_Materials provided_
- - - - -

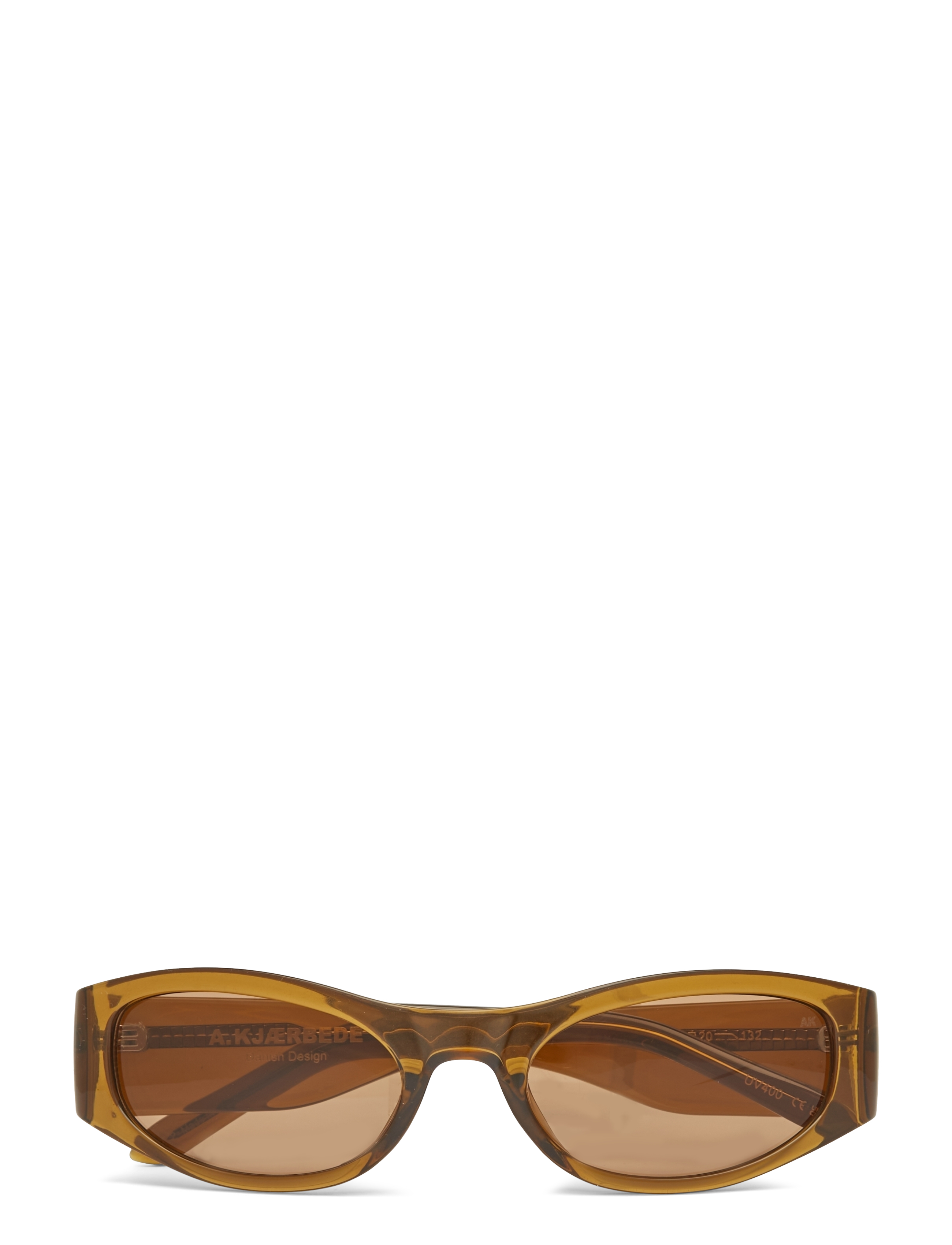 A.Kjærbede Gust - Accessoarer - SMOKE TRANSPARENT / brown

- - - - -

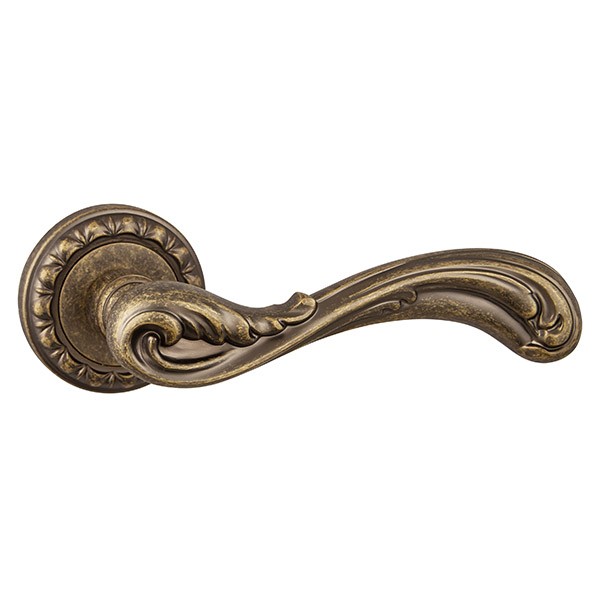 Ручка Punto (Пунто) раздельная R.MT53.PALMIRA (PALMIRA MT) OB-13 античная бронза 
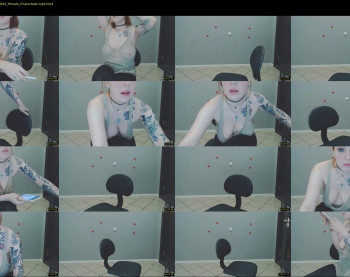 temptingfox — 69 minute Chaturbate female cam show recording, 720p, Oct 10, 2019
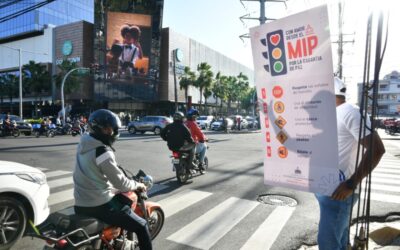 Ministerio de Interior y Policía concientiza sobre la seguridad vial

- - - - -

_Problem details_
Lines from the one above containing "Ручка Punto (Пунто)" down to the one containing "Ministerio de Interior" should be transcribed exactly, with both ends kept and no pictures.

_Output below_
 Ручка Punto (Пунто) раздельная R.MT53.PALMIRA (PALMIRA MT) OB-13 античная бронза 
 temptingfox — 69 minute Chaturbate female cam show recording, 720p, Oct 10, 2019
 Ministerio de Interior y Policía concientiza sobre la seguridad vial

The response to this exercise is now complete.